Start of Records supplied
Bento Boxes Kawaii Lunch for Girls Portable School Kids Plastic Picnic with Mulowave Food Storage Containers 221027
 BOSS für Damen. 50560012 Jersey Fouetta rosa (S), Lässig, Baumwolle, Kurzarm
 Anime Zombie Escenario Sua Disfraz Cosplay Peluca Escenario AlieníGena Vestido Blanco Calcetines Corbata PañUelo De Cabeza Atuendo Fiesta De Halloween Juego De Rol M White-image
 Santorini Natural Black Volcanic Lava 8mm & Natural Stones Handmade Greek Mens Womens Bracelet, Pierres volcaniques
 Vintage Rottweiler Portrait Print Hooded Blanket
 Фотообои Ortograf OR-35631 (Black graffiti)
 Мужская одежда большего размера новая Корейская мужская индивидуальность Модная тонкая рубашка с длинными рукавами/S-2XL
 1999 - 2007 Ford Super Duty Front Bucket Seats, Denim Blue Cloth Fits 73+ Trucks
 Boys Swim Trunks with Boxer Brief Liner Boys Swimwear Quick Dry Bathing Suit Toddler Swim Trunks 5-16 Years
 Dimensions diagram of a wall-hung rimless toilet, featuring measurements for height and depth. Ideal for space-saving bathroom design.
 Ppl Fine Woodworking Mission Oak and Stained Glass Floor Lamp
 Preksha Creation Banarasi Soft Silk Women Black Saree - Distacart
End of Records supplied
Task statement: Print the first line of the records above and each line after it, exactly, through the line with "Ppl Fine Woodworking".

Output:
Bento Boxes Kawaii Lunch for Girls Portable School Kids Plastic Picnic with Mulowave Food Storage Containers 221027
 BOSS für Damen. 50560012 Jersey Fouetta rosa (S), Lässig, Baumwolle, Kurzarm
 Anime Zombie Escenario Sua Disfraz Cosplay Peluca Escenario AlieníGena Vestido Blanco Calcetines Corbata PañUelo De Cabeza Atuendo Fiesta De Halloween Juego De Rol M White-image
 Santorini Natural Black Volcanic Lava 8mm & Natural Stones Handmade Greek Mens Womens Bracelet, Pierres volcaniques
 Vintage Rottweiler Portrait Print Hooded Blanket
 Фотообои Ortograf OR-35631 (Black graffiti)
 Мужская одежда большего размера новая Корейская мужская индивидуальность Модная тонкая рубашка с длинными рукавами/S-2XL
 1999 - 2007 Ford Super Duty Front Bucket Seats, Denim Blue Cloth Fits 73+ Trucks
 Boys Swim Trunks with Boxer Brief Liner Boys Swimwear Quick Dry Bathing Suit Toddler Swim Trunks 5-16 Years
 Dimensions diagram of a wall-hung rimless toilet, featuring measurements for height and depth. Ideal for space-saving bathroom design.
 Ppl Fine Woodworking Mission Oak and Stained Glass Floor Lamp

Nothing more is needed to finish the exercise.